High-Amplitude δ Scuti stars (HADS) are intermediate-mass pulsating variables. Traditionally, their pulsations are thought to be dominated by radial modes, which makes them powerful probes of stellar structure and evolution. However, recent high-precision space photometry has shown that some HADS display more complex pulsation behaviors and amplitude variations.

Using high-precision short-cadence data from Transiting Exoplanet Survey Satellite, Dr. LV Chenglong of the Xinjiang Astronomical Observatory of the Chinese Academy of Sciences discovered three new HADS: TIC 408074920, TIC 189714989, and TIC 34137913. The team investigated their pulsation properties using Fourier analysis, sliding-window amplitude variations, spectral energy distribution (SED) fitting, and asteroseismic modeling. The findings have been published in The Astrophysical Journal.

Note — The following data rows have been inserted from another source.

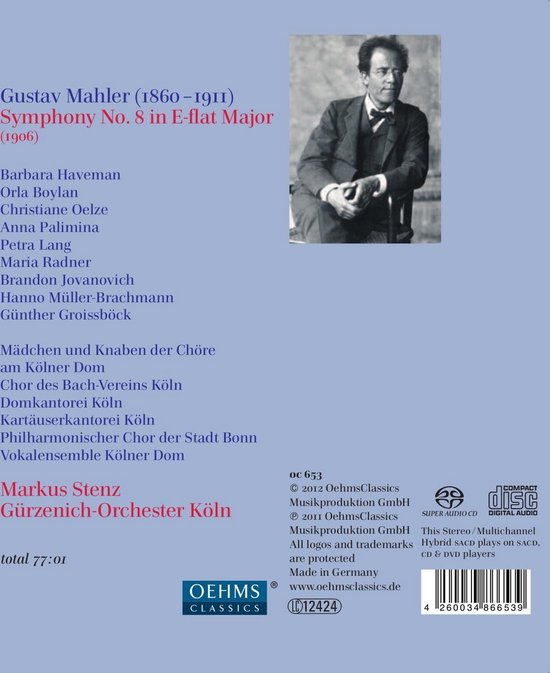Gustav Mahler symfonie nr. 8 in Es majeur (1906). Een portret van Mahler in pak, staand.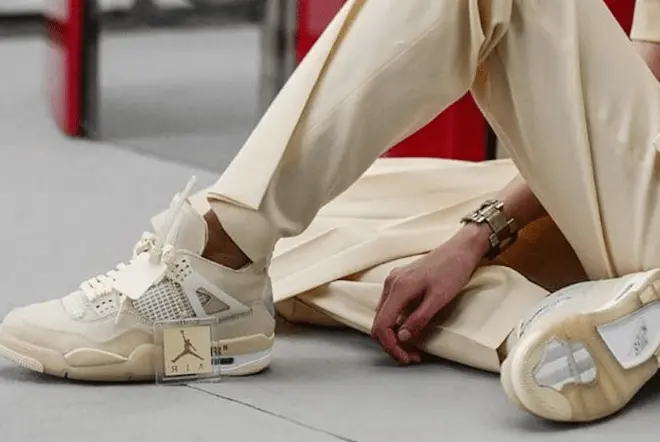 Giày Nike Air Jordan 4 Retro x Off-White 'Sail' CV9388-100 - Ảnh 4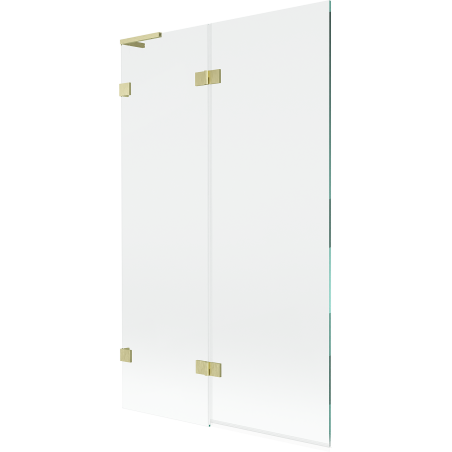Mexen Lunar L 2-panel left bath screen 110 x 150 cm, transparent, brushed gold - 897L-110-100-55-00-L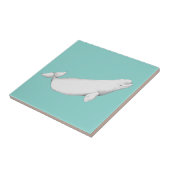 Beluga Whale Illustratie Whale Lover Gift Blue Tegeltje (Zijkant)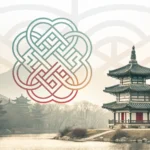 Abstract geometric shapes in traditional Korean colors (blue, red, yellow, white, black) interlock t...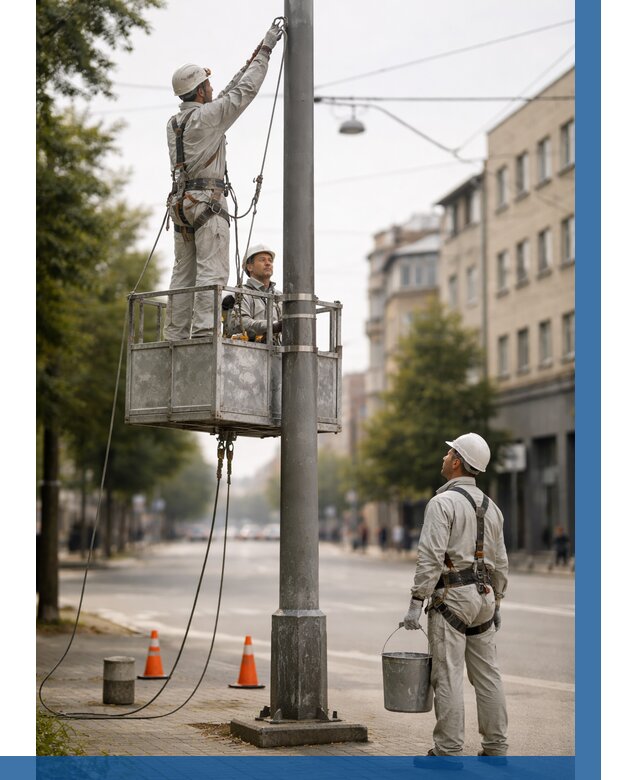 Покраска опор освещения в Улане-Удэ от 5122 р. | ВЫСОТНИК-Лнд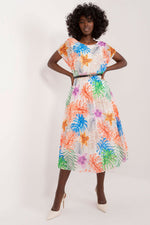 Italy Moda Daydress Colorful Flared Summer Dress - Vibrant Short-Sleeve Chic beige one-size-fits-all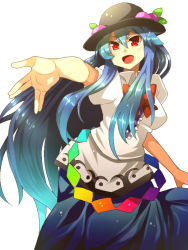 Rule 34 | 1girl, bad id, bad pixiv id, blue hair, female focus, food, fruit, hat, hinanawi tenshi, irohara mitabi, jpeg artifacts, long hair, open mouth, outstretched arm, outstretched hand, peach, red eyes, salute, simple background, smile, solo, touhou, vulcan salute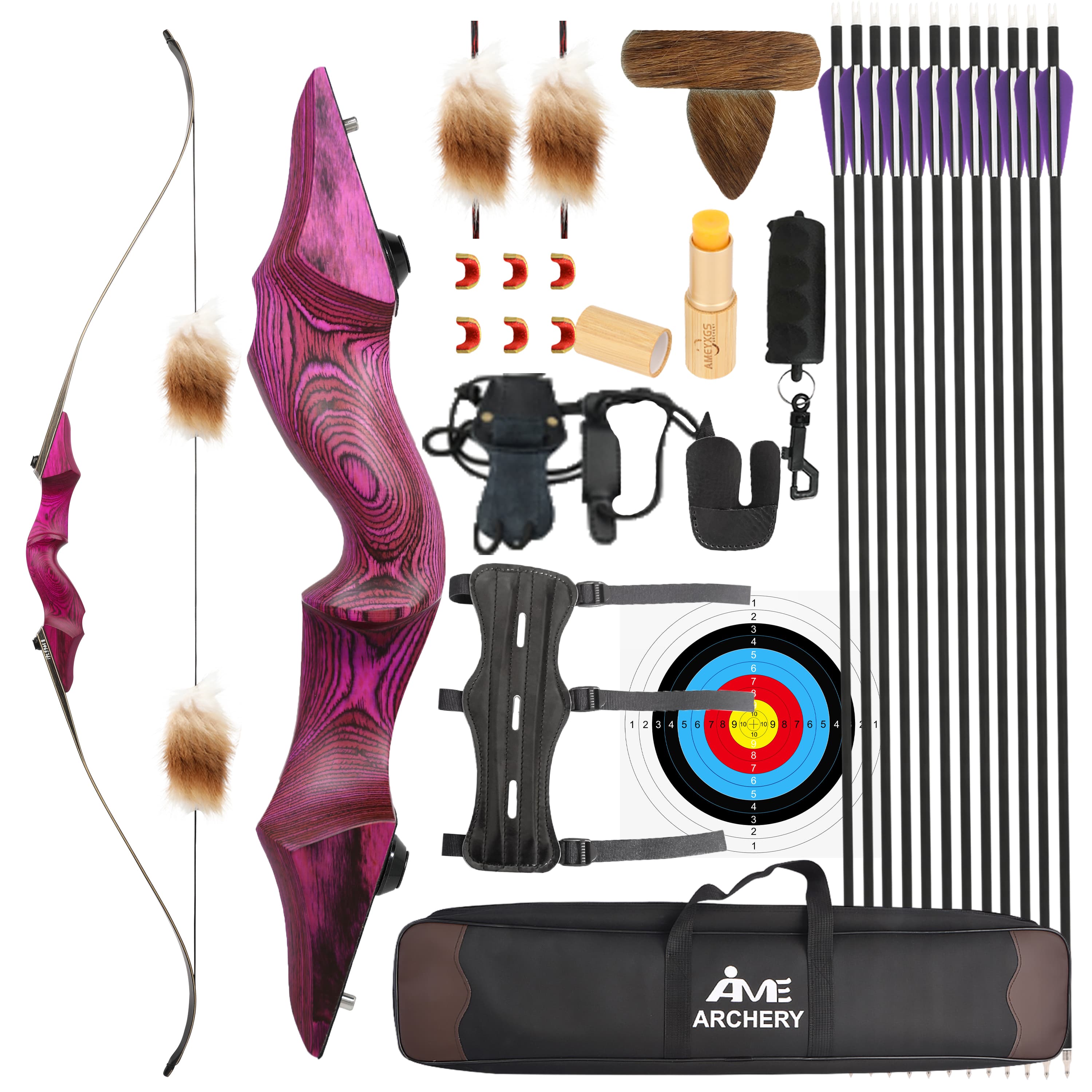 Black Hunter Recurve Bow and Arrows Kit Hunting LH RH 20-60lbs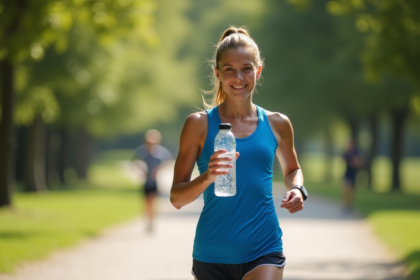 Jeune athlète femme buvant en plein air lors d'une course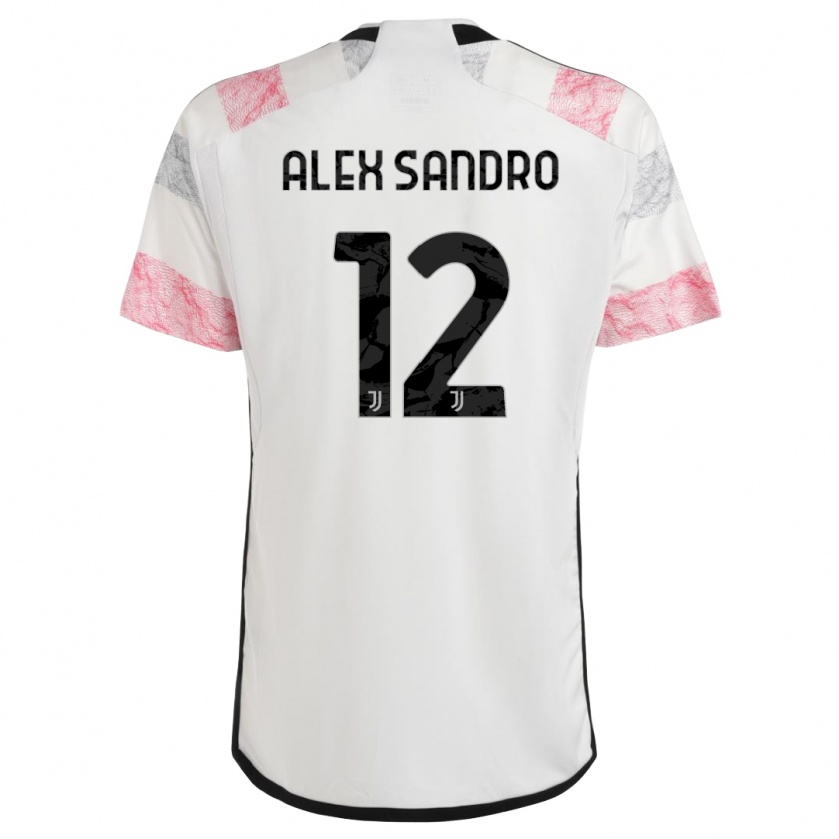 Kandiny Ženy Alex Sandro #12 Biela Ružová Dresy Idegenbeli Csapatmez 2023/24 Triĭká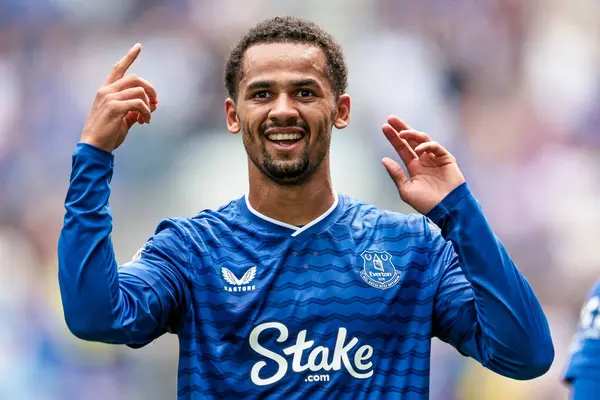 Everton 'dan Iliman Ndiaye, 24 Ağustos 2025' te Liverpool, Liverpool 'daki Hill Dickinson Stadyumu' nda oynanan Premier League maçında Everton ve Hove Albion maçında 1-0 kazanma hedefini kutluyor.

The study found that all three stars show dominant radial pulsations with rich harmonic structures. TIC 189714989 exhibits symmetric side peaks around the main frequency, suggesting possible amplitude and/or phase modulation similar to the Blazhko effect in RR Lyrae stars, and also shows an additional non-radial mode. TIC 408074920 displays an amplitude decrease of approximately 4 millimagnitudes over about 20 days, indicating possible short-term amplitude variability.

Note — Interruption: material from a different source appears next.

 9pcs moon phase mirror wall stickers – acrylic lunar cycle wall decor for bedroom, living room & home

Combining Gaia DR3-based SED fitting with stellar evolution and pulsation modeling, all three stars are found to lie within the classical instability strip, with masses ranging from 1.5 to 1.8 solar masses. However, discrepancies between SED and asteroseismically derived estimates of radius and luminosity suggest that higher-precision spectroscopic constraints are still needed.

These results indicate that HADS pulsation behavior is more complex than traditionally assumed, highlighting the rich nonlinear processes revealed by space-based photometry. Future missions such as PLATO will further improve our understanding of mode excitation and amplitude modulation in intermediate-mass stars.